Exercise directions:
Everything in the listing below from the line containing "AZMED respirátor jednorazový" through the line containing "Susan Munro Elana Carnelian Necklace" must be repeated exactly; the remaining lines are not wanted.

#### Information shown

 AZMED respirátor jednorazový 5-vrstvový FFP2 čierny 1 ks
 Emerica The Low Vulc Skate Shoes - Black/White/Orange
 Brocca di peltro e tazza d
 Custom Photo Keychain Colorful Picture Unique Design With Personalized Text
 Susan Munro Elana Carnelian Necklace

########
#### Information shown

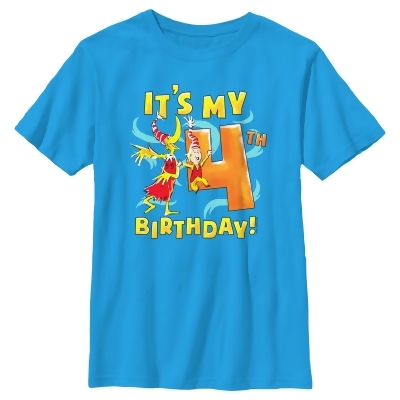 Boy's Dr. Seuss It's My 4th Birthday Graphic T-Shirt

########

Task response:
 AZMED respirátor jednorazový 5-vrstvový FFP2 čierny 1 ks
 Emerica The Low Vulc Skate Shoes - Black/White/Orange
 Brocca di peltro e tazza d
 Custom Photo Keychain Colorful Picture Unique Design With Personalized Text
 Susan Munro Elana Carnelian Necklace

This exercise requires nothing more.